INPUT DATA section start

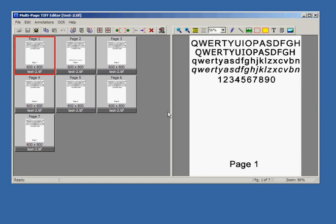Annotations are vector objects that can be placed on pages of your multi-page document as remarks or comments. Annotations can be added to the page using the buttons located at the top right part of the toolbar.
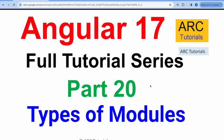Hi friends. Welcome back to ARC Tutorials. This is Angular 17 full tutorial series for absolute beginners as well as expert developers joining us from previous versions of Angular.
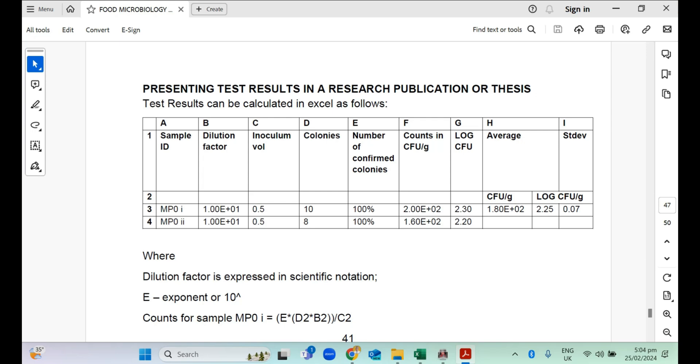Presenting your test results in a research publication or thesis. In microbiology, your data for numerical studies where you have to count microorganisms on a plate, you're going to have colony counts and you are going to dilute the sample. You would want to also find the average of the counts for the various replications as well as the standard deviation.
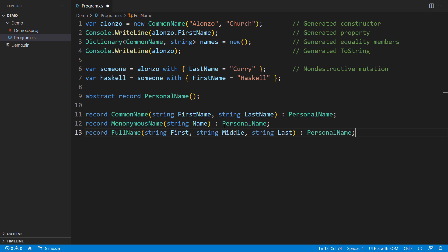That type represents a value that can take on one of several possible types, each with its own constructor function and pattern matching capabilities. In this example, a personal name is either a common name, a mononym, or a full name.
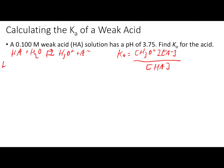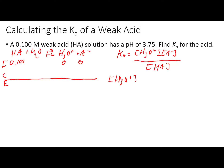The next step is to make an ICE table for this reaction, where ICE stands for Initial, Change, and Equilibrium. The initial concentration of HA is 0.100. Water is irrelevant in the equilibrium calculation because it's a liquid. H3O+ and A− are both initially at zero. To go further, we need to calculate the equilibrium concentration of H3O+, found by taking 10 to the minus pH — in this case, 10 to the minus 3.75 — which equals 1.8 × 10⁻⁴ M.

INPUT DATA section end
INPUT DATA section start

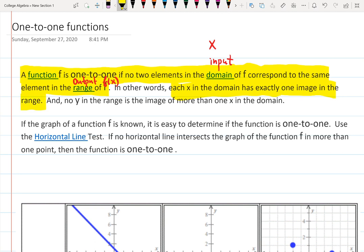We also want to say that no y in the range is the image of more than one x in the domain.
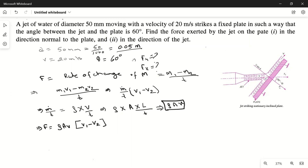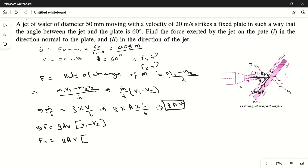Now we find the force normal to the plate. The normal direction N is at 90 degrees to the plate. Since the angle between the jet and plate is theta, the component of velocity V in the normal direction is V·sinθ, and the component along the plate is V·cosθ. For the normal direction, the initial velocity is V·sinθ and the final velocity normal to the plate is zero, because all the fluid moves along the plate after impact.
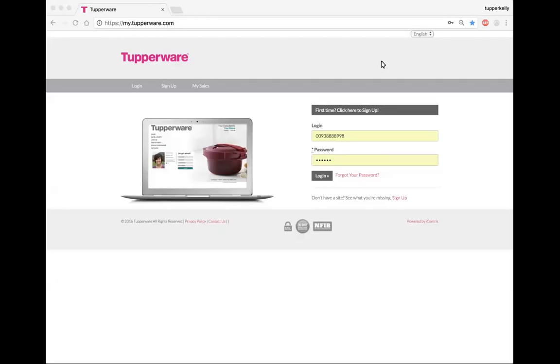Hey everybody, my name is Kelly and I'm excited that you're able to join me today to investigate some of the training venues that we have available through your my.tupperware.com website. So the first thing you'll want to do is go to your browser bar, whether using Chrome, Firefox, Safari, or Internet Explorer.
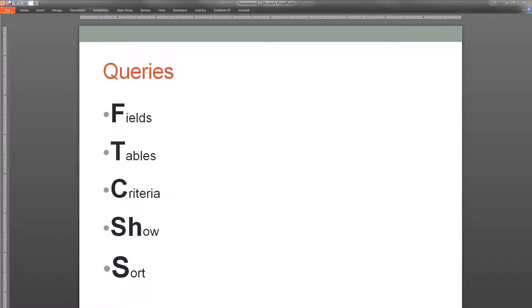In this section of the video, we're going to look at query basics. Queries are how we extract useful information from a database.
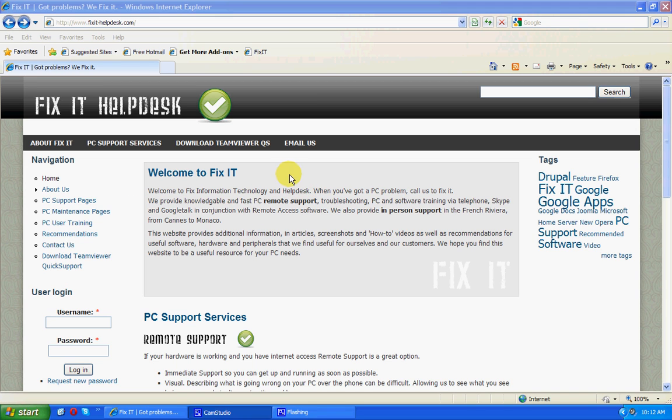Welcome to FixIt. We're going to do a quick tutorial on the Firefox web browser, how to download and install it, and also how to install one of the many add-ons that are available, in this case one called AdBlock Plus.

INPUT DATA section end

BRIEF:
In the data above, take the line with "Presenting your test", the line with "That type represents", and every line between, and set them down exactly without pictures.

RESULT OF THIS EXERCISE:
Presenting your test results in a research publication or thesis. In microbiology, your data for numerical studies where you have to count microorganisms on a plate, you're going to have colony counts and you are going to dilute the sample. You would want to also find the average of the counts for the various replications as well as the standard deviation.
That type represents a value that can take on one of several possible types, each with its own constructor function and pattern matching capabilities. In this example, a personal name is either a common name, a mononym, or a full name.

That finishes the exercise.